[Records drawn from a dataset]
_ _ _ _

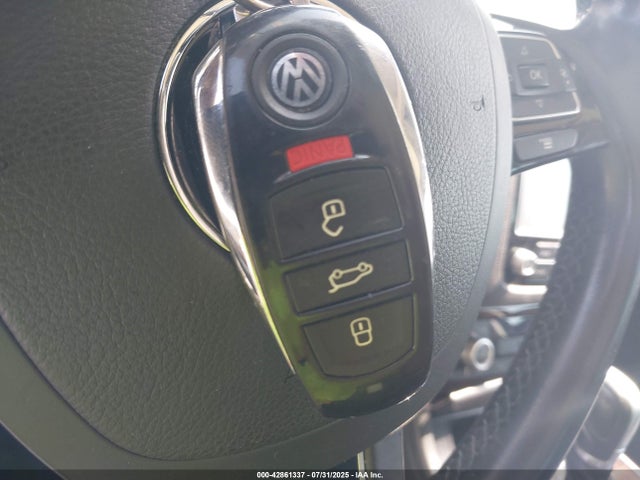 WVGEF9BP8GD011488 Volkswagen 2016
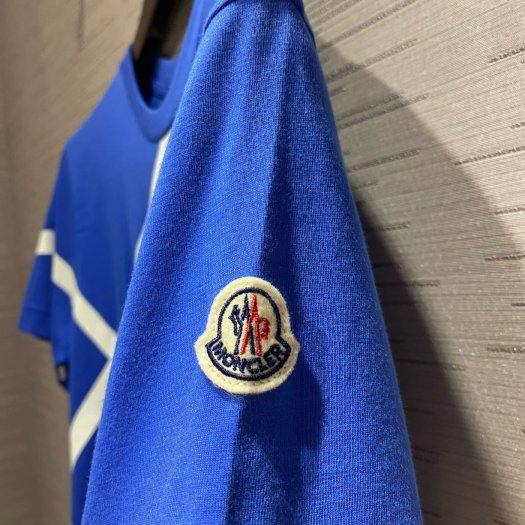 💎Han's house精品服飾💎moncler LOGO 短 T 藍 現貨青年款= 女成人 S-3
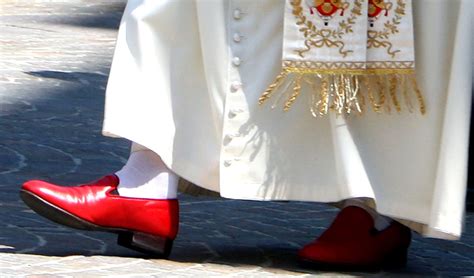 pope benedict xvi red shoes|symbolism of red shoes.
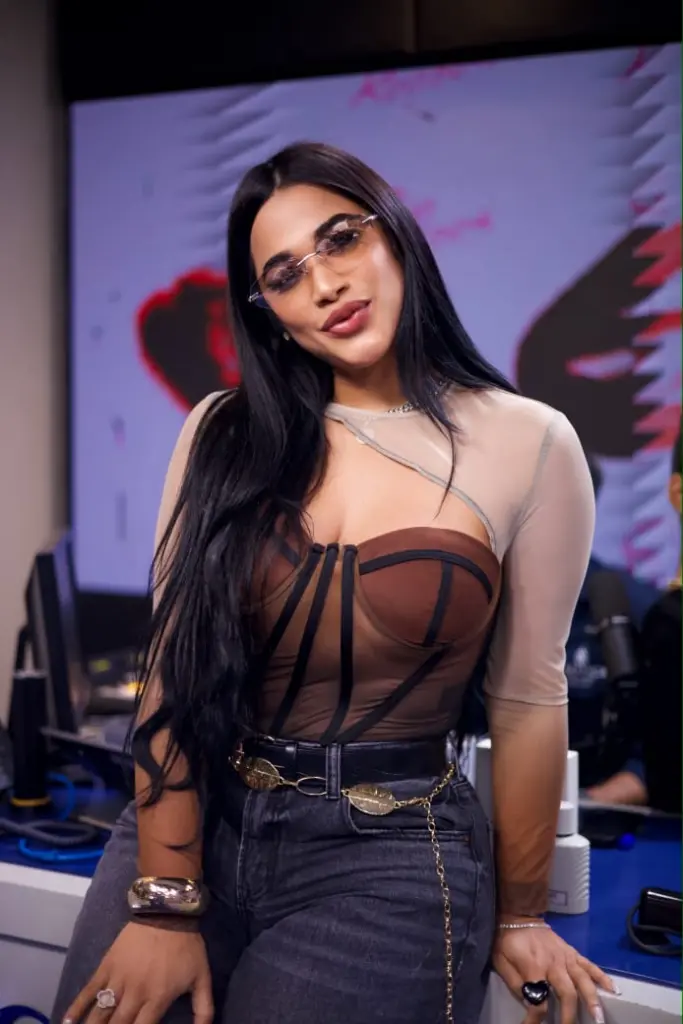 Luchy DR lleva la fuerza del merengue femenino a “Íntimo con Luchy” en Velvet Room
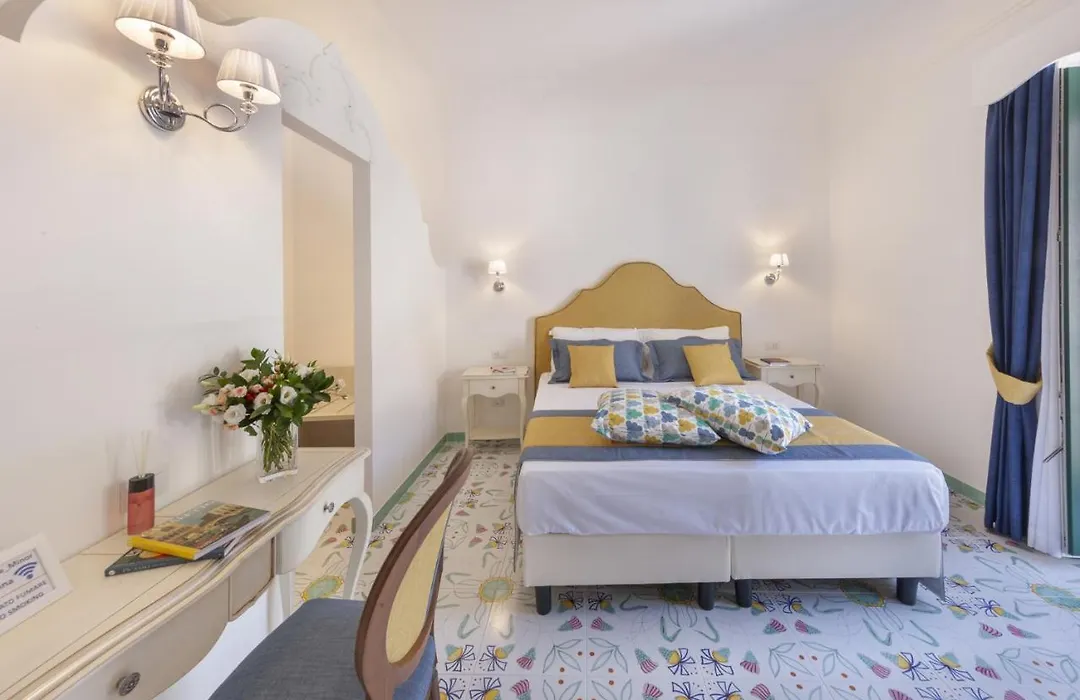 Antica Rheginna Luxury Room-1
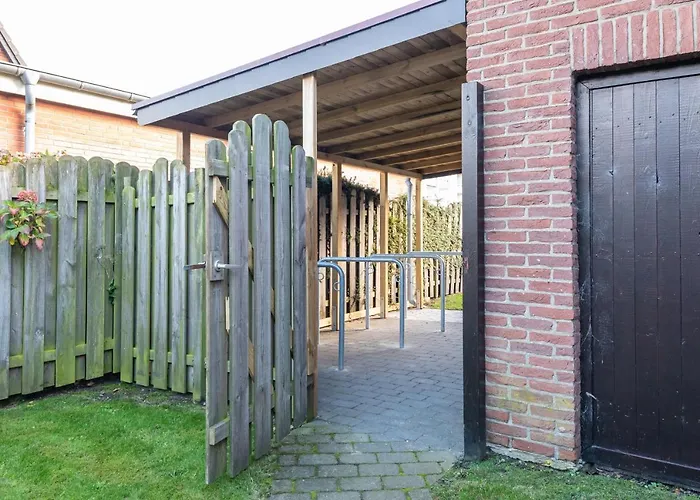 Haus Mittelstr Whg 3 OG links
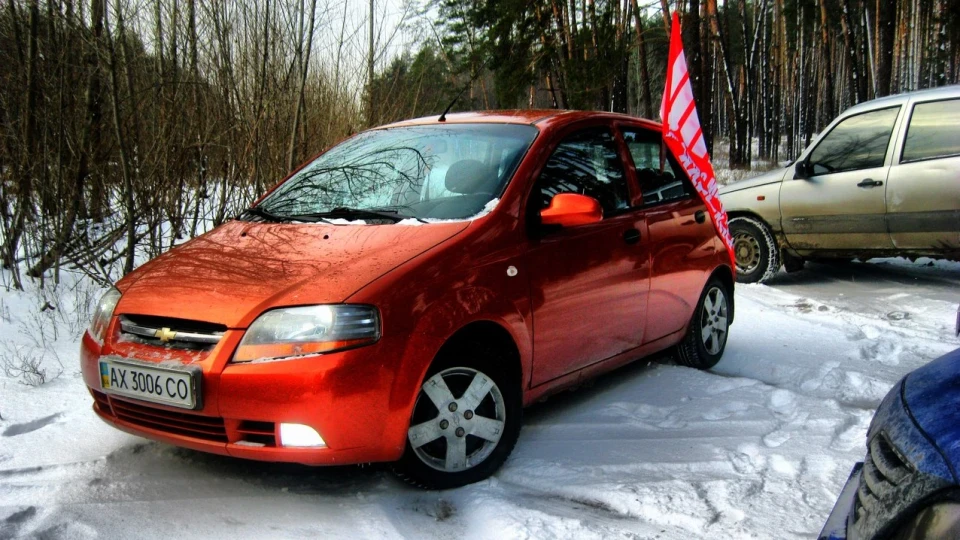 Chevrolet Aveo Sedan Orange Style of Life 3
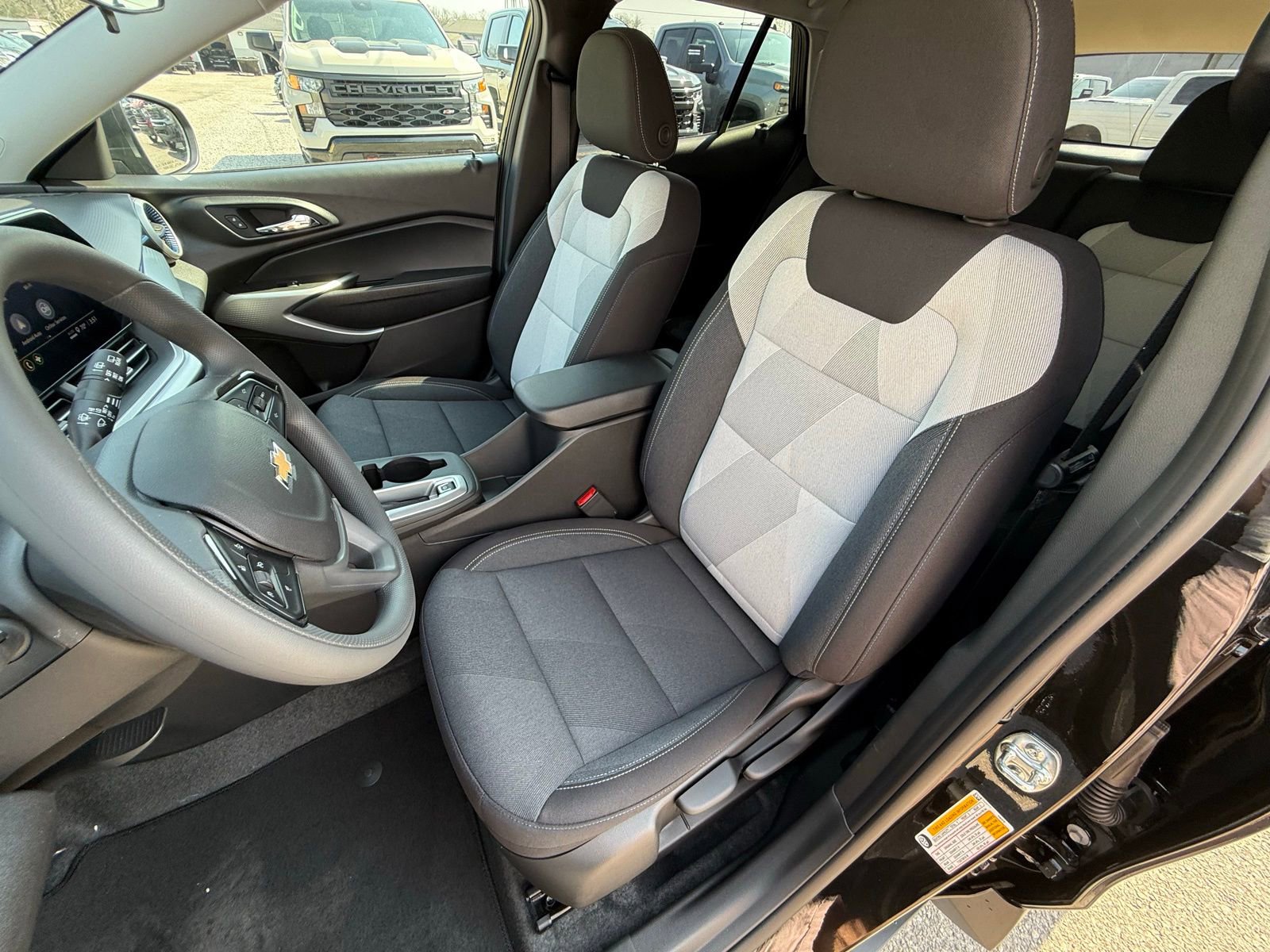 New 2026 Chevrolet Trax LS image 15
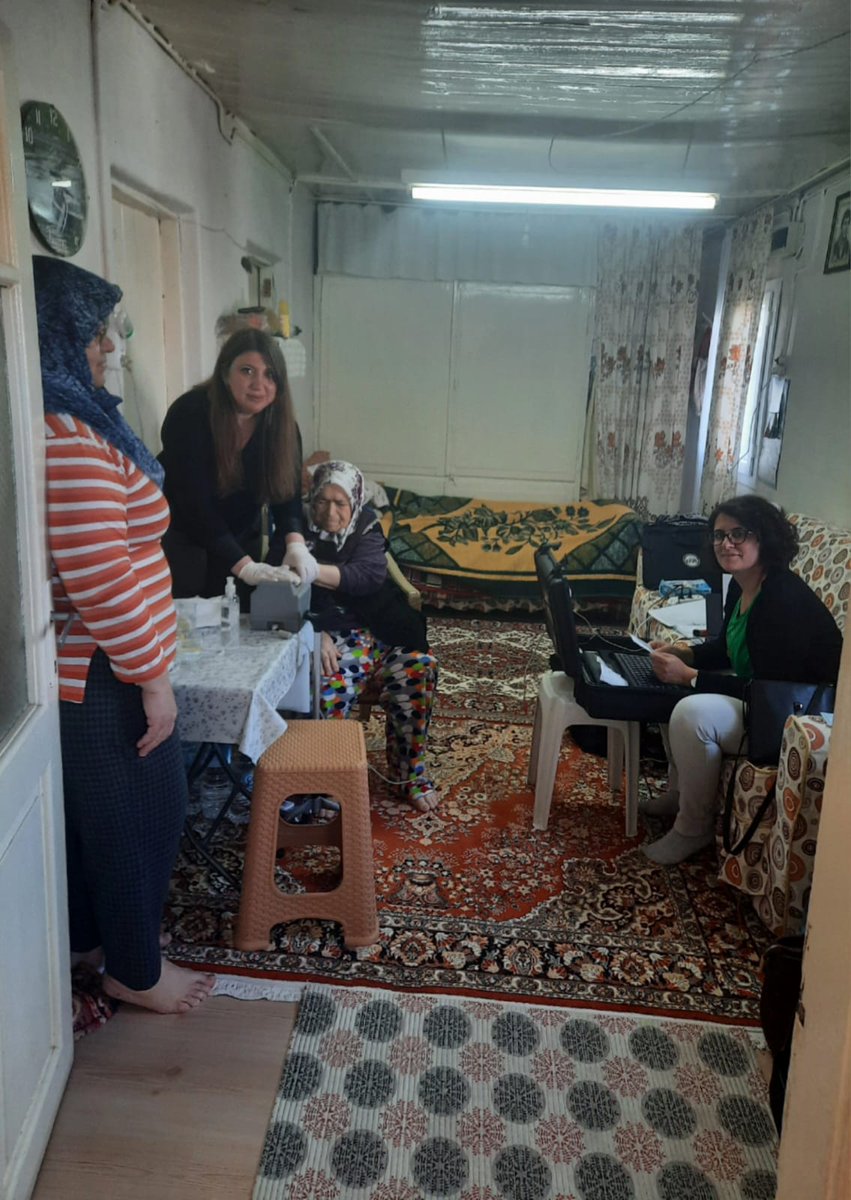 #AdresteNüfusHizmeti kapsamında müdürlüğümüze gelemeyen Feride teyzemizin TC kimlik kartı başvurusunu evinde aldık. Kendisine sağlıklı ömürler dileriz. 💐<a href="/sefikaygol/">Şefik AYGÖL</a> <a href="/CobanogluF/">Fatih Çobanoğlu</a> <a href="/AsaYurdaasa/">Yurdanur Asa</a> <a href="/tirenufus/">@tirenufus</a> #HayatınızınHerAnında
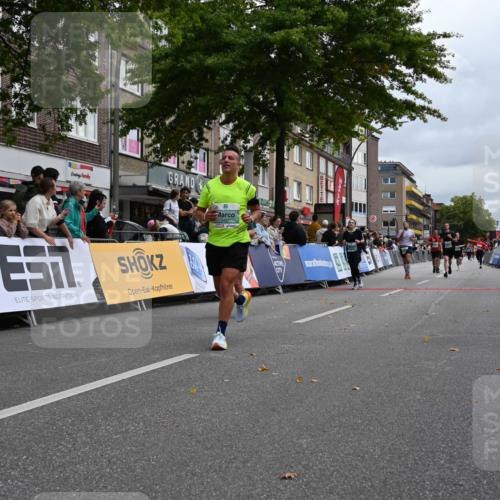 20.09.2026 - PSD Bank Halbmarathon J. Mangold http://msf.ph/oto/10524320 20.09.2026 12:03:28 Ziel 1978, 2049, 2254, 2390, 2461, 2578, 2756, 3053, 3246, 3320, 3461, 3879, 3931, 4040, 4135 meine-sportfotos.de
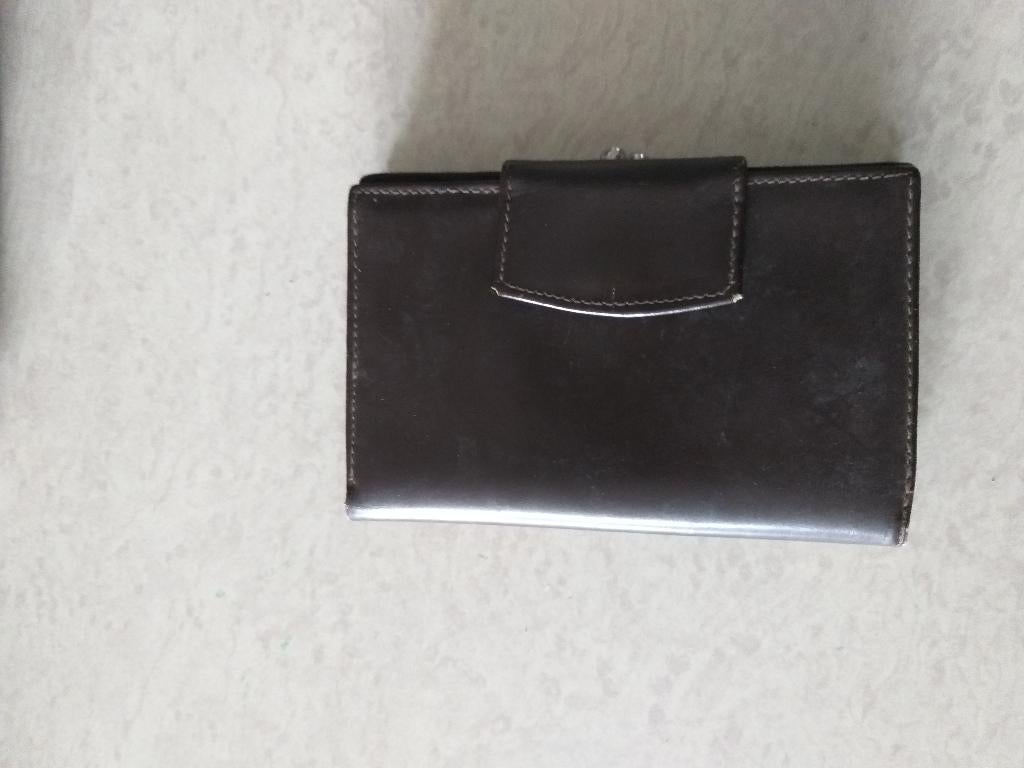 Lederen portomonee, Handtassen en Accessoires, Portemonnees, Gebruikt, Bruin, Met knipsluiting, Ophalen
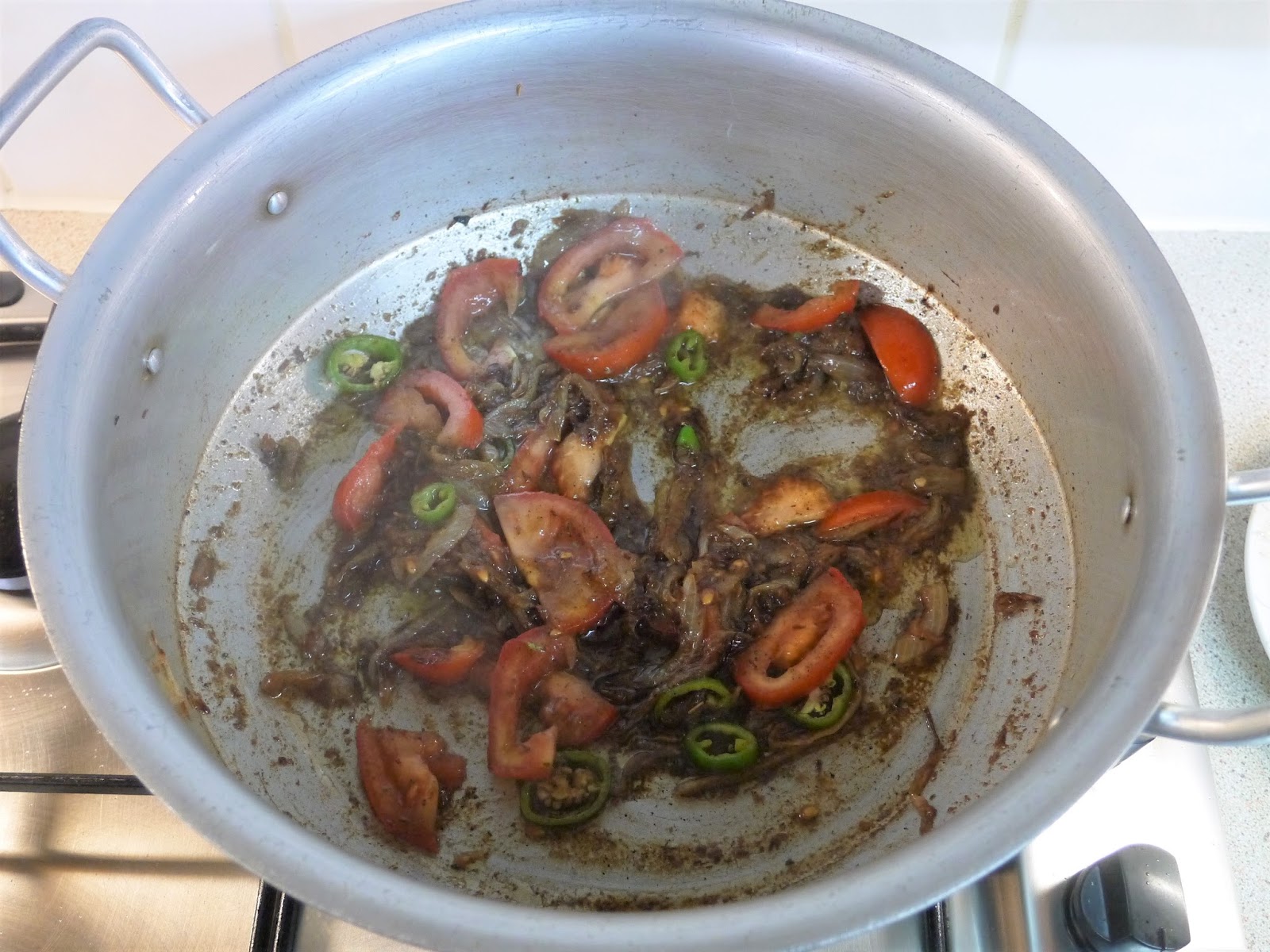 This Muslim Girl Bakes Lamb Biryani.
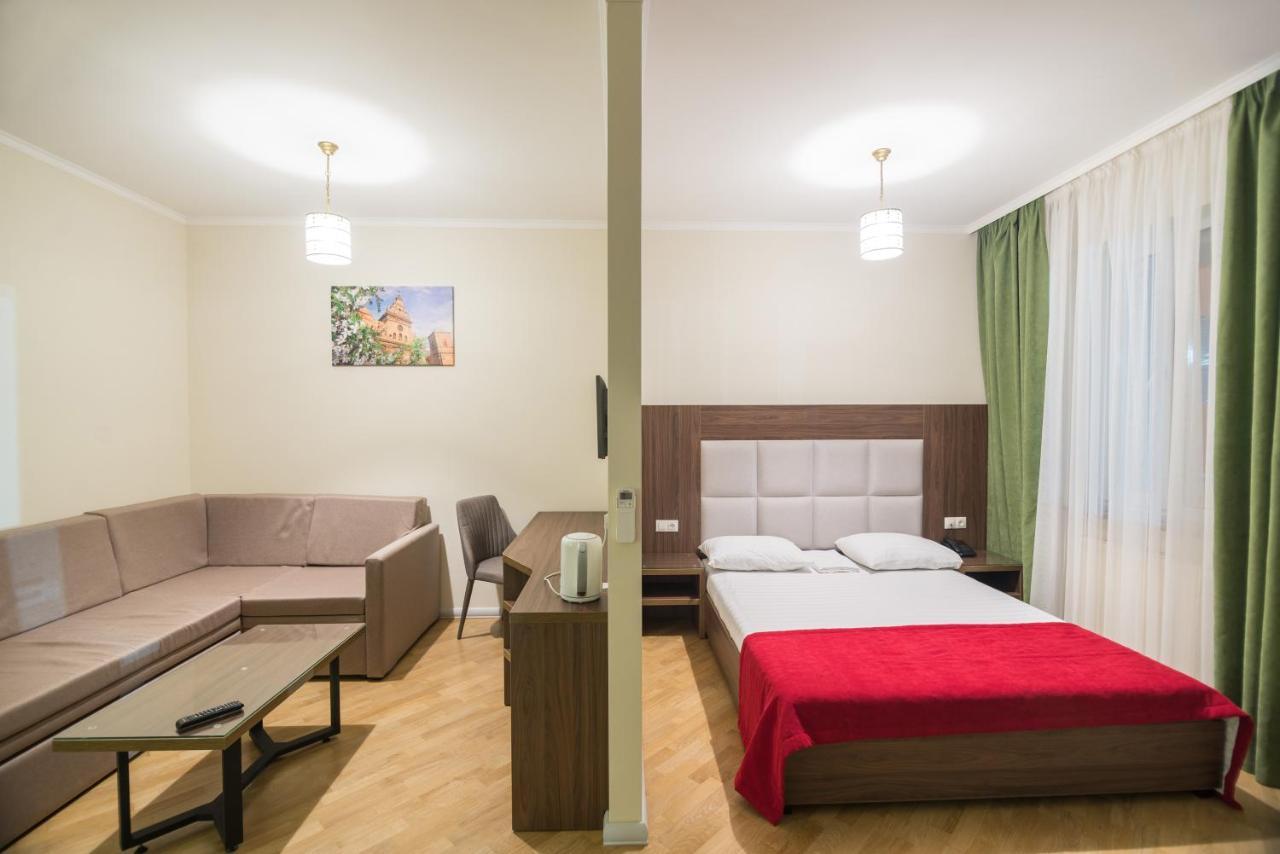 Pivdenniy Hotell Lviv Eksteriør bilde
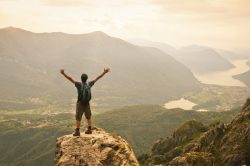 L'Uomo di Montagna: vizi e virtù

_ _ _ _

* [Task item]: Print exactly the lines running from the start of the entries above to the line with "Chevrolet Aveo Sedan Orange Style of Life 3", both included; leave out any pictures.

* [Written answer]:
 WVGEF9BP8GD011488 Volkswagen 2016
 💎Han's house精品服飾💎moncler LOGO 短 T 藍 現貨青年款= 女成人 S-3
 pope benedict xvi red shoes|symbolism of red shoes.
 Luchy DR lleva la fuerza del merengue femenino a “Íntimo con Luchy” en Velvet Room
 Antica Rheginna Luxury Room-1
 Haus Mittelstr Whg 3 OG links
 Chevrolet Aveo Sedan Orange Style of Life 3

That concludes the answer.